In a depressingly familiar tale, the latest bank holiday weekend was characterised by vast disruption across the country from airport e-gates failing to function to engineering work crippling the country’s rail network.
What also caught the eye was more protests from Just Stop Oil, which interrupted showcase events such as rugby union’s premiership final at Twickenham and the world-famous Chelsea Flower Show with their orange dye antics.
Just Stop Oil is an environmental activist group, in many ways a successor to Extinction Rebellion and Insulate Britain – calling for no new oil and gas projects in the UK.
This is a credible position for people concerned about net zero carbon emissions, and eager for the UK to reach the Paris Agreement goal of sustaining global temperatures within two degrees of pre-industrial levels.
What is less reasonable is their methods.
On Saturday, two protestors leapt over the barriers at Twickenham and unleashed a cloud of dye on the pitch, halting the game between Sale Sharks and Saracens, a day after three activists rinsed a Chelsea Flower Show garden in orange dust, which ironically had been planted to promote biodiversity and sustainability.
This is not Just Stop Oil’s first rodeo – with similar tactics being displayed this year at The Crucible during the World Snooker Championship when a protestor plastered the table with powder.
The group also recently tried and failed to storm the stage at Shell’s AGM, and has been taking part in so-called ‘slow marches’ across London, blocking bridges and busy roads.
Most unpleasantly, activists have taken to fouling valuable artworks – including Vincent van Gogh’s ‘Sunflowers’ at the National Gallery.
After all, it is so much easier to destroy and taint what is precious and meaningful to people than to build anything valuable yourself.
Yet, what is noteworthy is the public response to these tactics.
Public turn on eco-protestors
The intruders at the rugby were booed and heckled as they were dragged off by stewards and some of the players, the Chelsea Flower Show charlatans were given short shrift by visitors to the park, and in a less palatable episode – a man was detained by police for shoving away protestors blocking a road in central London.
While assault can never be condoned, what is heartening is the public can see Just Stop Oil for what it truly is – an anti-democratic mob looking to impose its will on others, without aiming to engage, argue or convince people of the moral value of its aims.
Blocking roads, disrupting events enjoyed by millions and butchering artworks that make up our cultural inheritance is not a matter of freedom of expression.
it is imposing your demands on others in a bid to dictate the policies of a government with the mandate of millions of people.
Polling consistently shows Brits care deeply about the planet, and most people engaged in the discussion around climate change know the world is not going fast enough to reduce emissions – and that this could have severe ecological and environmental consequences, potentially damaging our standard of living and causing severe harm to the natural world.
Essentially, we don’t need Just Stop Oil to showcase their message, especially as the debate they pretend is not being held is underway already, and doesn’t require their voice.
Labour have confirmed, after months of foreshadowing, that if they win the next election, they will stop any new fossil fuel projects in the North Sea.
Meanwhile, BNP Paribas has recently opted to stop funding new oil and gas developments.
Elsewhere, pressure groups such as Uplift have also been calling for no new sites in British waters – and their views are in line with the recent statements from the International Energy Agency and Intergovernmental Panel on Climate Change.
Nevertheless, they are mistaken.
The UK requires fossil fuels to meet its supply needs for the next three decades, even as the government wisely ramps up renewable generation to reach net zero.
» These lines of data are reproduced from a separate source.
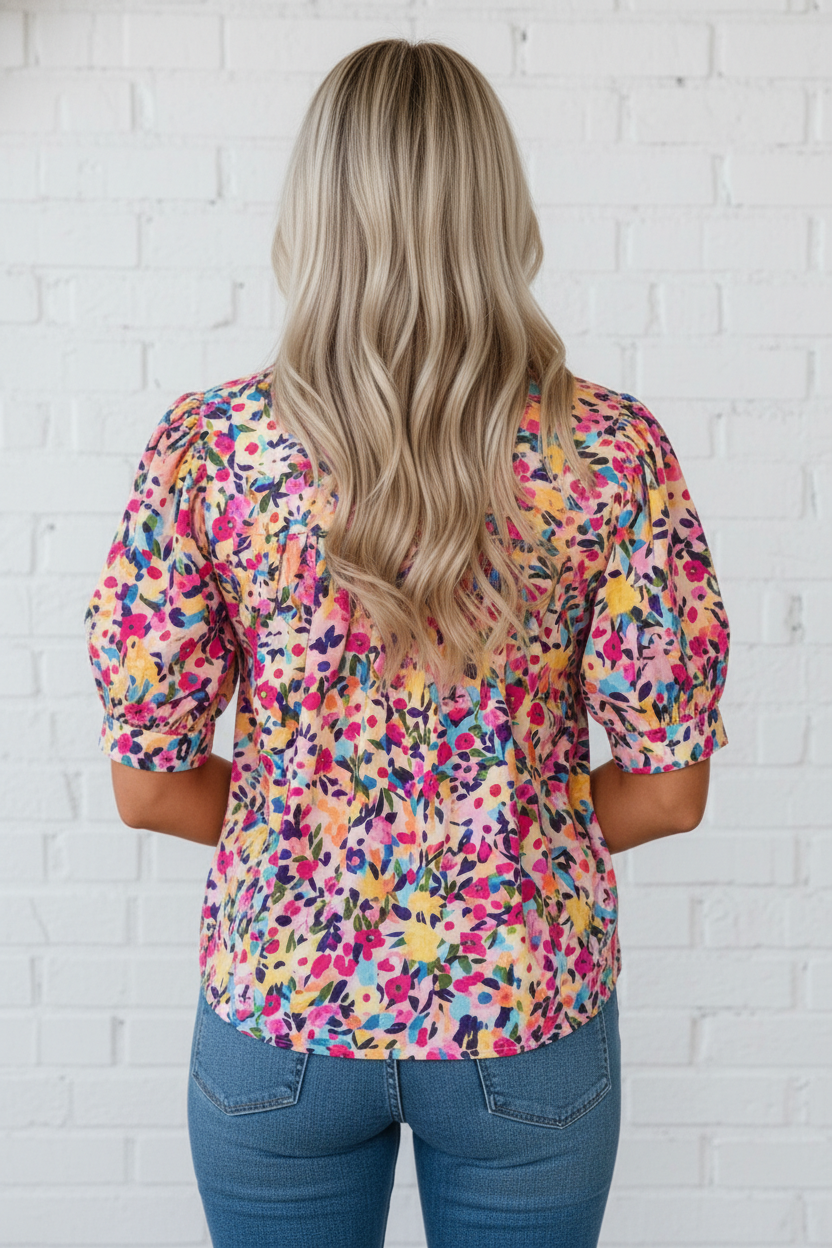 Flower Frilled Collar Puff Sleeve Blouse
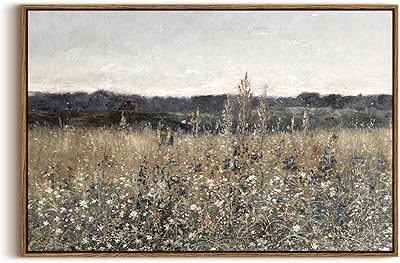 InSimSea Framed Canvas Wall Art Vintage Decor, Large Wall Art, Meadow with Flowers Landscape Wall Art Prints, Modern Farmhouse Cottagecore Bedroom Bathroom Office Decoration, 20"x30"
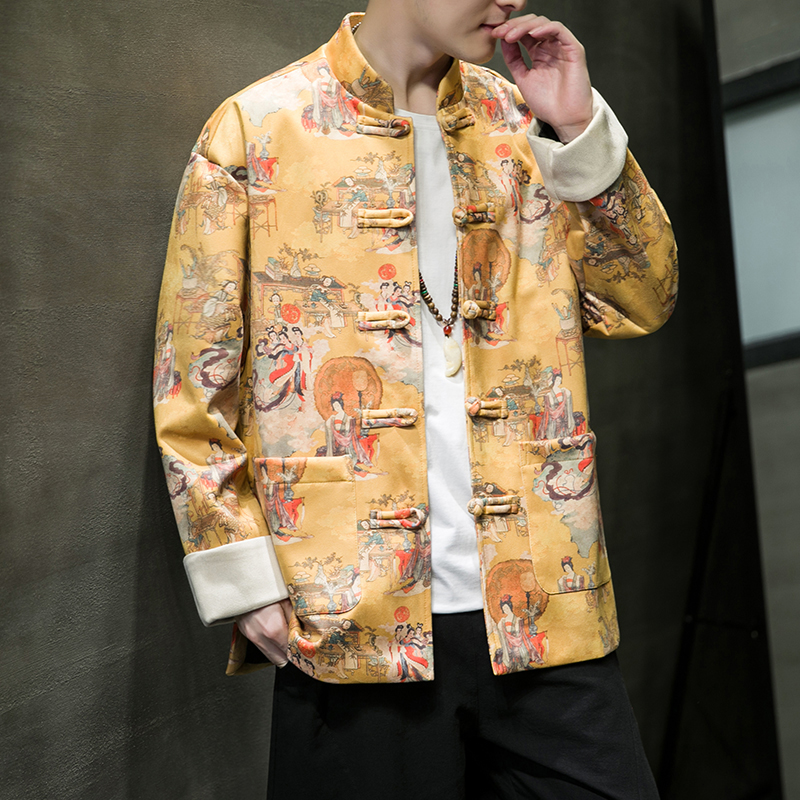 秋冬季风麂皮绒夹克中式复古大码唐装外套男A118-JK505P105，男装夹克，电商A118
After all, 85 per cent of its housing stock depends on gas for heating.
In such a scenario, securing the least carbon intensive supplies is essential – with domestic oil and gas being considerably less environmentally damaging than overseas imports of liquefied natural gas, alongside being more reliable and supporting tens of thousands of jobs.
It is also the case that energy giants such as BP and Shell will be essential to funding the transition from fossil fuels to hydrogen and offshore wind – while North Sea operators such as Harbour and Neptune will likely be key for carbon capture projects.
Such an argument would only fall on deaf ears if made to Just Stop Oil activists, as would the fact that London is the heart of green investment, making its routine attempts to bring the capital to a logjammed standstill as counterproductive as they are ignorant.
The UK’s energy future, environmental goals and creaking North Sea oil and gas industry are debates of real consequence, and would be best served if Just Stop Oil no longer featured in it.